This is a submission for the Google Cloud NEXT Writing Challenge
When Mandiant's M-Trends 2026 report revealed that the average time from initial intrusion to handoff to a secondary threat actor had collapsed from 8 hours to 22 seconds over three years, it confirmed what many security practitioners already suspected: traditional security operations aren't built for the speed of modern attacks.
Google Cloud NEXT '26's headline announcements—Agentic Defense, three new autonomous Security Operations agents, and the Wiz partnership—represent more than just another product launch. They signal a fundamental architectural shift in how organisations defend against threats. For Australian enterprises operating under the Australian Signals Directorate's Essential Eight framework, this shift raises an important question: does agentic security strengthen Essential Eight compliance, or does it create new gaps?

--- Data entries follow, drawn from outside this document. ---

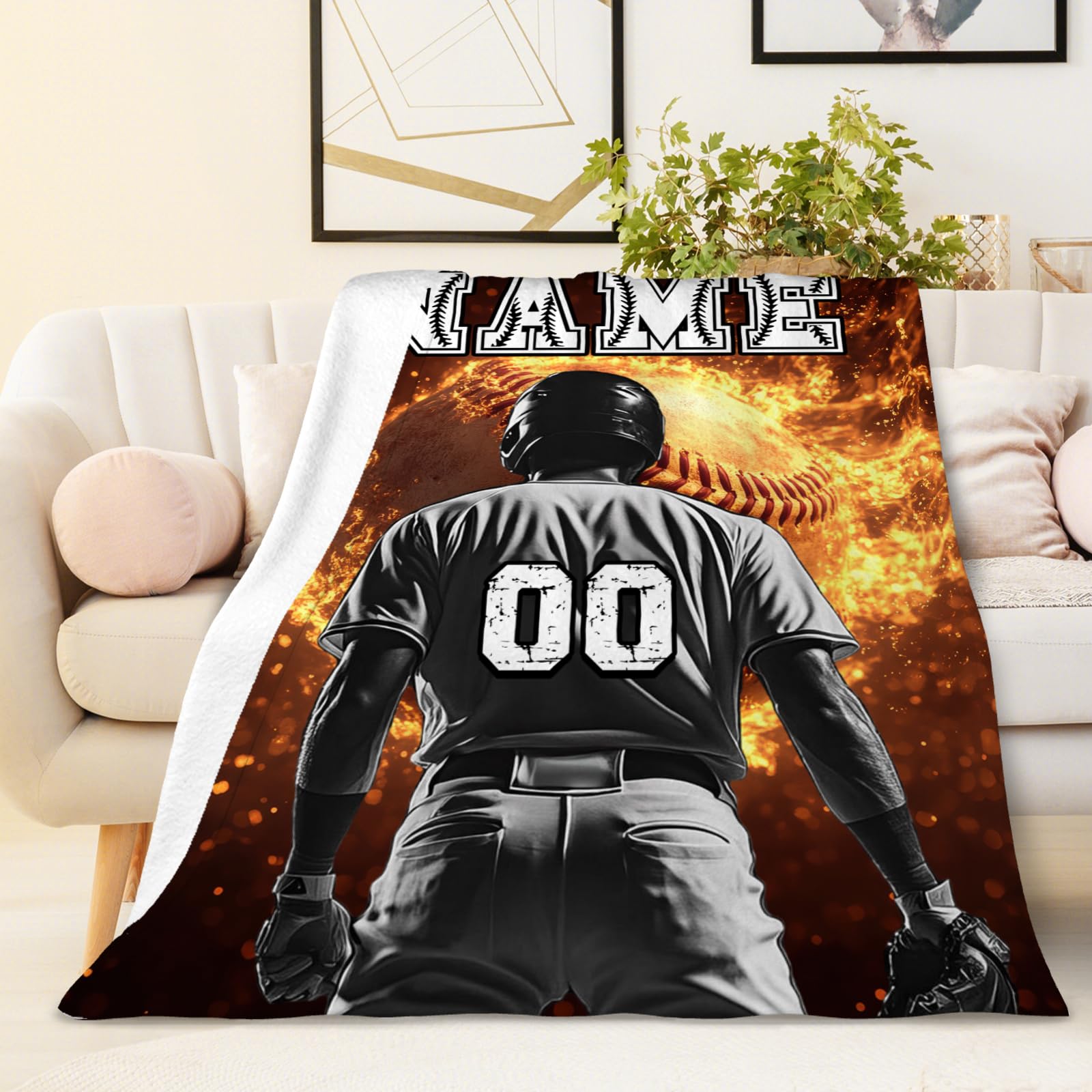 Custom with Name Kids Blankets - 50x40 Inches Small Baseball Themed Gifts for Teens, Boys 8-12, Sports Soft, Cozy & Warm Blanket for Couch, Sofa - Baseball Stuff Gifts for Team Players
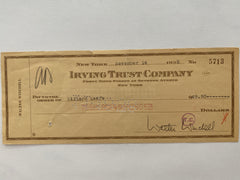 Walter Winchell signed check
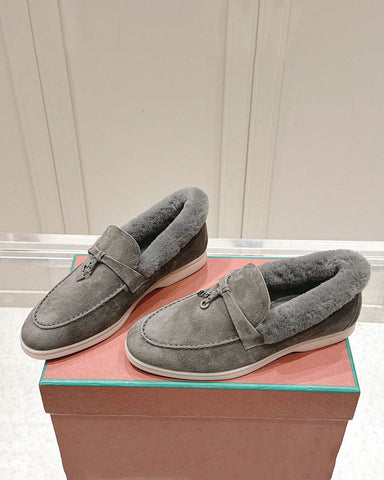 Suede and Shearling Fur Charms Walk Loafers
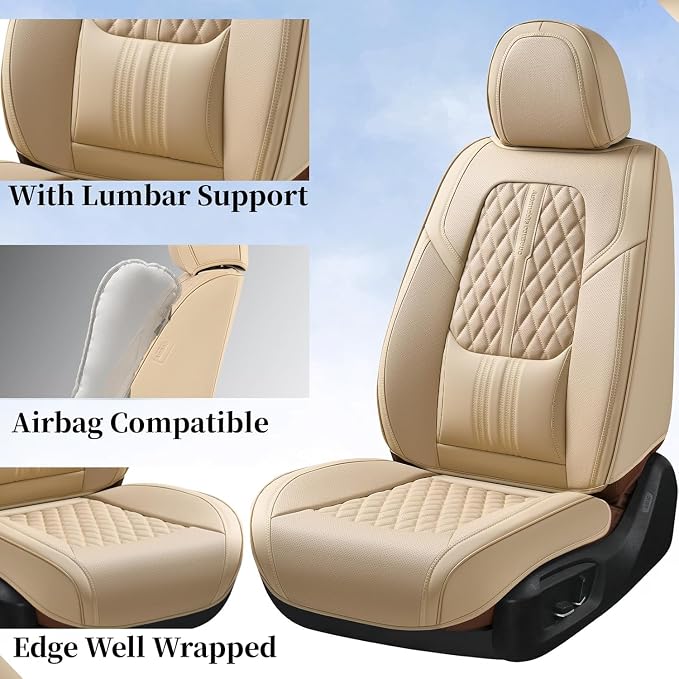 Coverado Car Seat Covers, Car Seat Covers Front Seats, 2-Pack Front Seat Cover, Nappa Leather Waterproof Seat Covers, Car Seat Protectors, Automotive Seat Covers Universal Fit for Most Vehicles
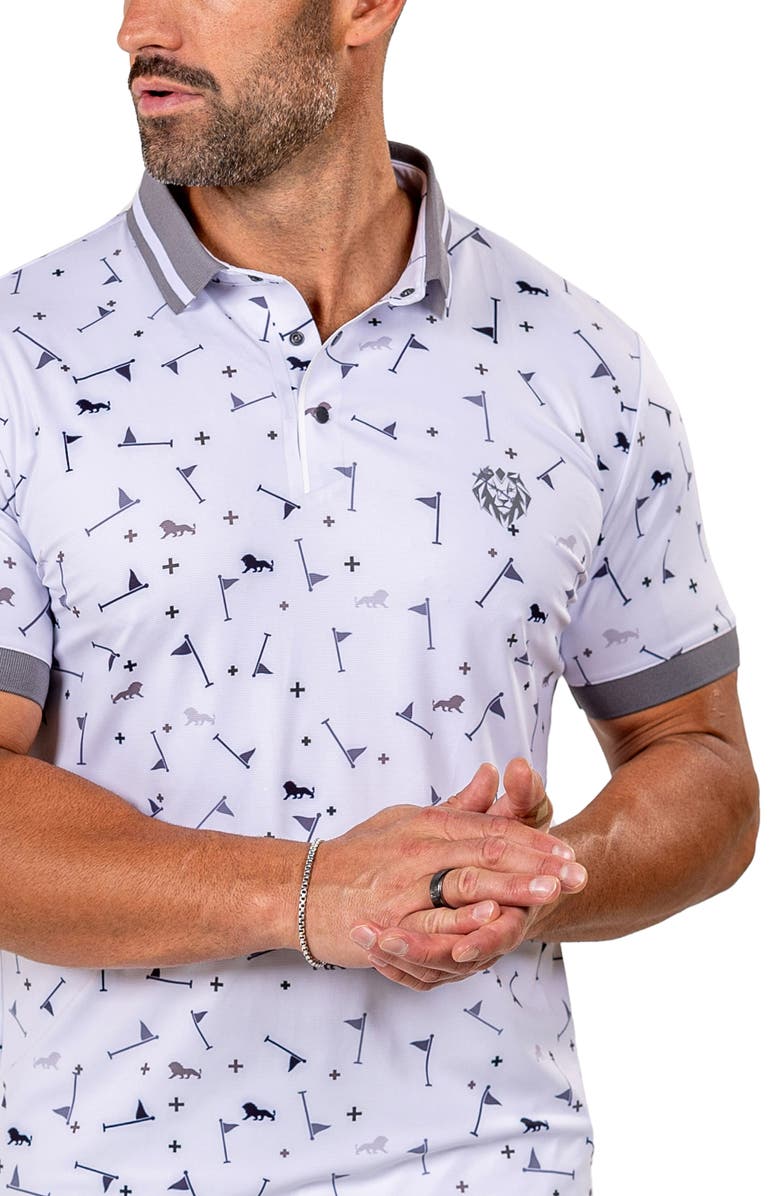 Maceoo Ascension0039 White Golfer Print Stretch Nylon Polo, Alternate, color, White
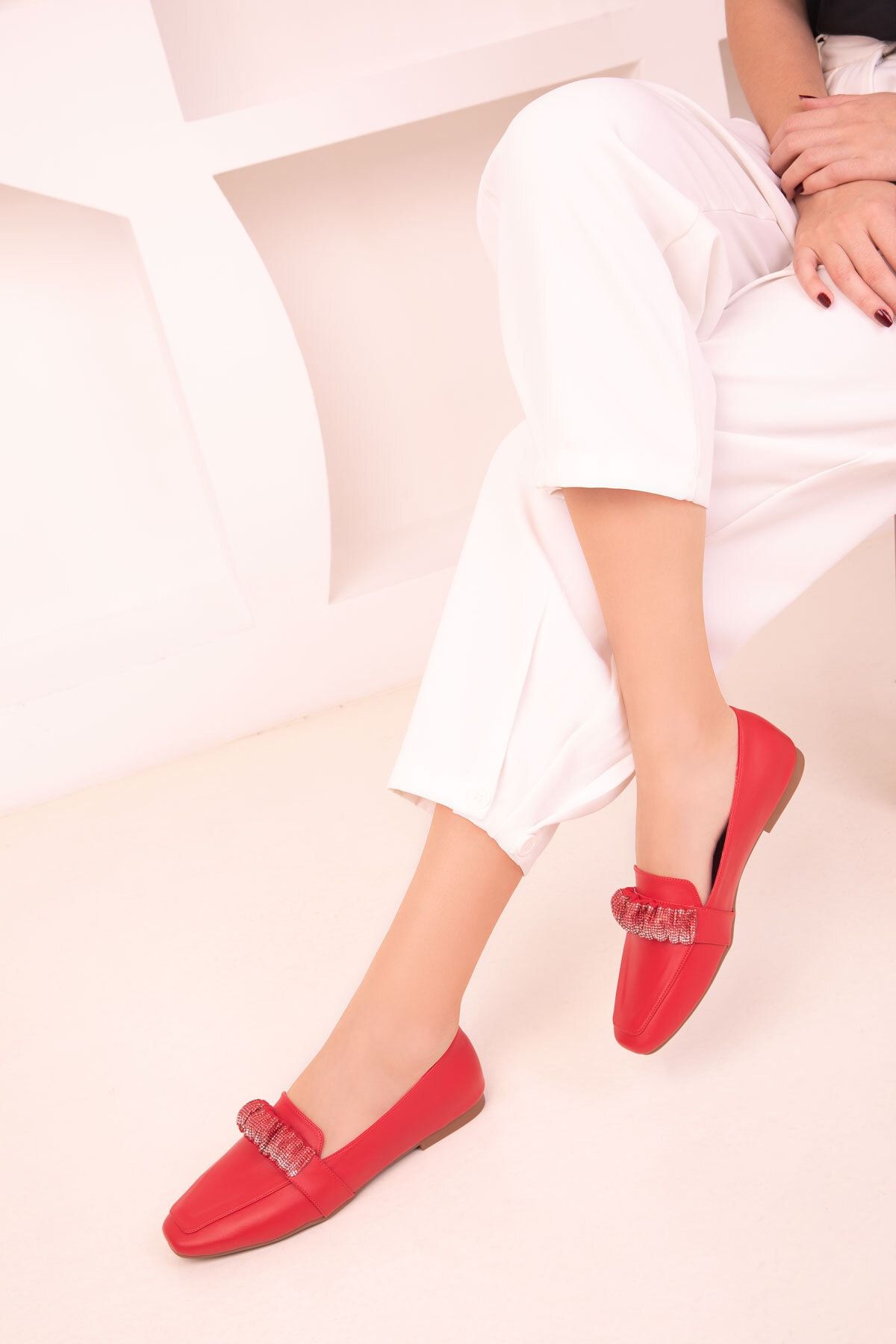 Ladies red cheap flat shoes uk
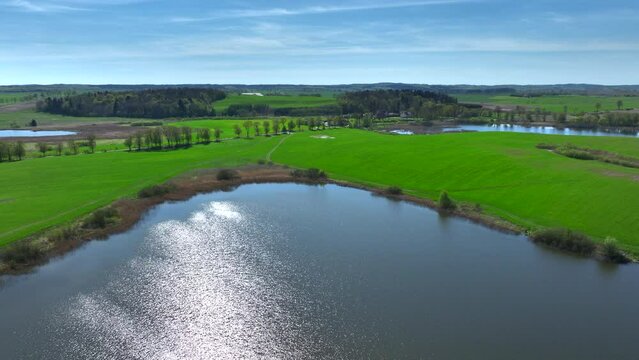 Aerial view of small lake in Warmia, northern Poland, Europe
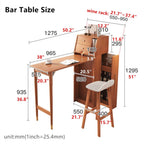 Natural Folding MDF Wine Bar Table For Small Spaces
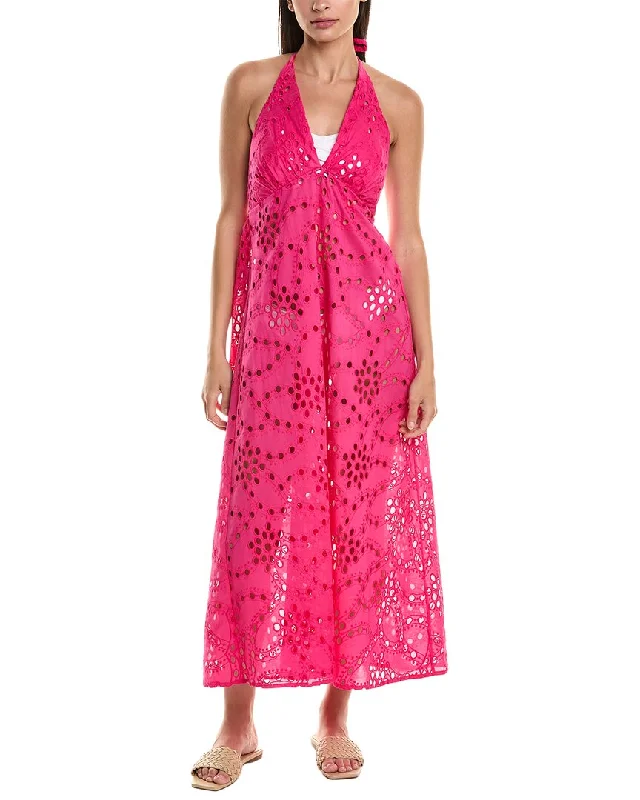 Natori Eyelet Halter Maxi Dress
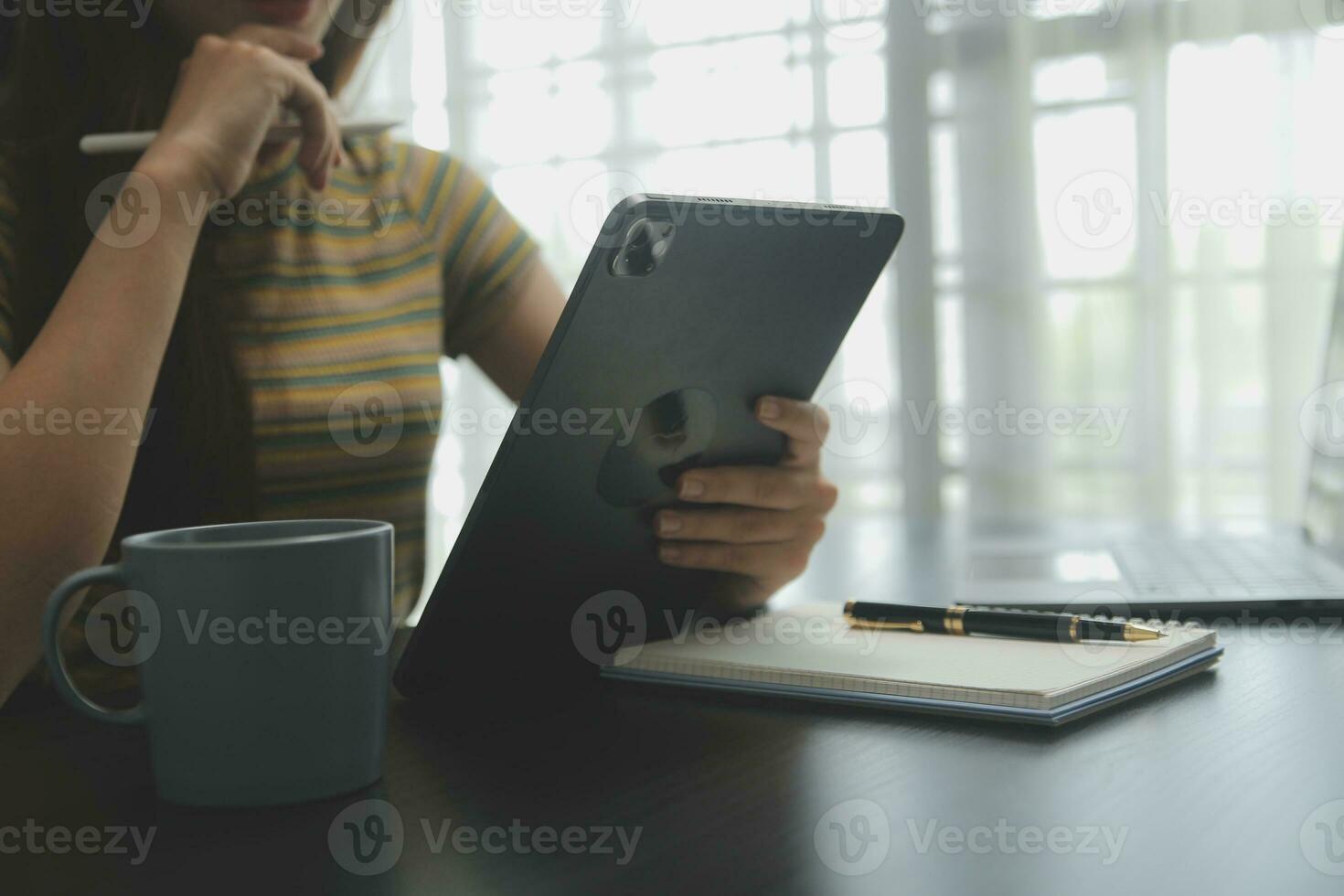 Audit concept,Administrator business man financial inspector and secretary making report calculating balance. Internal Revenue Service checking document. photo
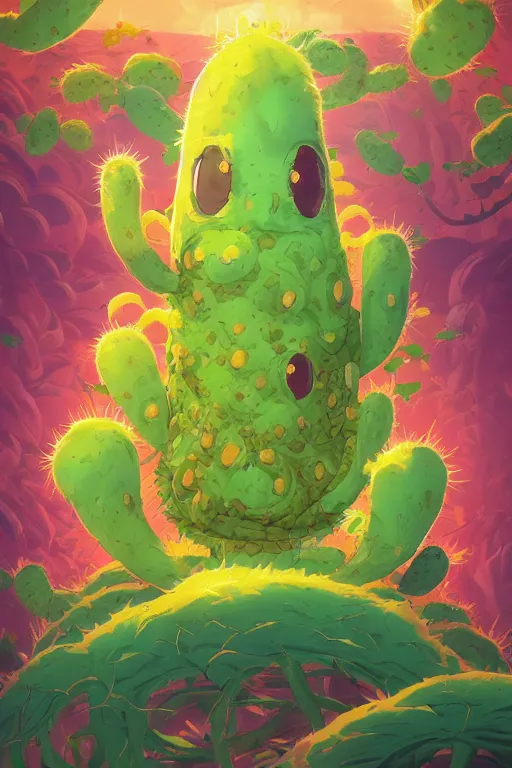 Image similar to roots cactus sushi cristal smurf ghost creature animal sushi cristal very big eye roots cactus elemental flush of force nature micro world fluo fishscale, behance hd by jesper ejsing, by rhads, makoto shinkai and lois van baarle, ilya kuvshinov, rossdraws radiating a glowing aura global illumination ray tracing hdr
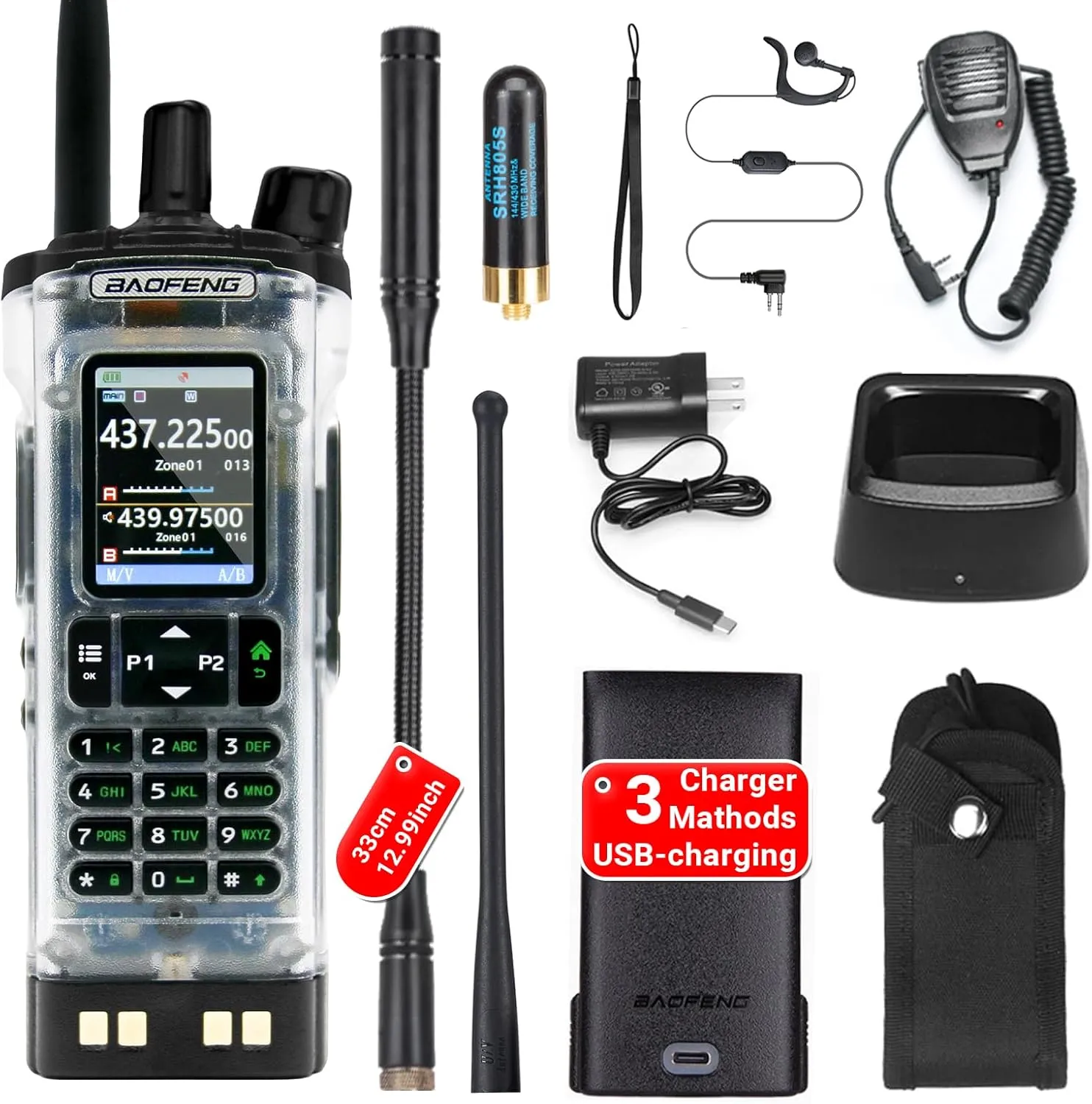 BAOFENG DM-32 DM32 10W Ham 2 Way Radio GPS Matching Writing Frequency Satellite Positioning Type-C DM32(1PC) (Transparent)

What Google Actually Announced
The core of Google's security story at NEXT '26 centres on Agentic Defense — the integration of Google Threat Intelligence, Security Operations, and Wiz's Cloud/AI Security Platform into a unified autonomous defence system.
Three new Security Operations agents entered preview:
-Threat Hunting Agent: Continuously analyses telemetry for anomalies and suspicious patterns
-Detection Engineering Agent: Automatically creates and refines detection rules based on emerging threats
-Third-Party Context Agent: Enriches alerts with external intelligence from vendor advisories and threat feeds
Alongside these, Wiz introduced red, blue, and green agents for continuous attack simulation, detection validation, and automated remediation across Google Cloud, AWS, Azure, and Oracle environments. The AI Application Protection Platform (AI-APP) extends code-to-cloud-to-runtime protection specifically for AI workloads.
The partnership also delivered Dark Web Intelligence (98% accuracy claimed in internal testing), AI-BOM (AI Bill of Materials for model transparency), and remote MCP server support for Google Security Operations.
The technical architecture is impressive. The strategic implications for compliance frameworks like Essential Eight are less obvious.
The Essential Eight Reality Check
Australia's Essential Eight mitigation strategies were designed around a simple principle: reduce the attack surface and contain damage when prevention fails. The framework mandates eight specific controls across three maturity levels (ML1, ML2, ML3), each with measurable technical requirements.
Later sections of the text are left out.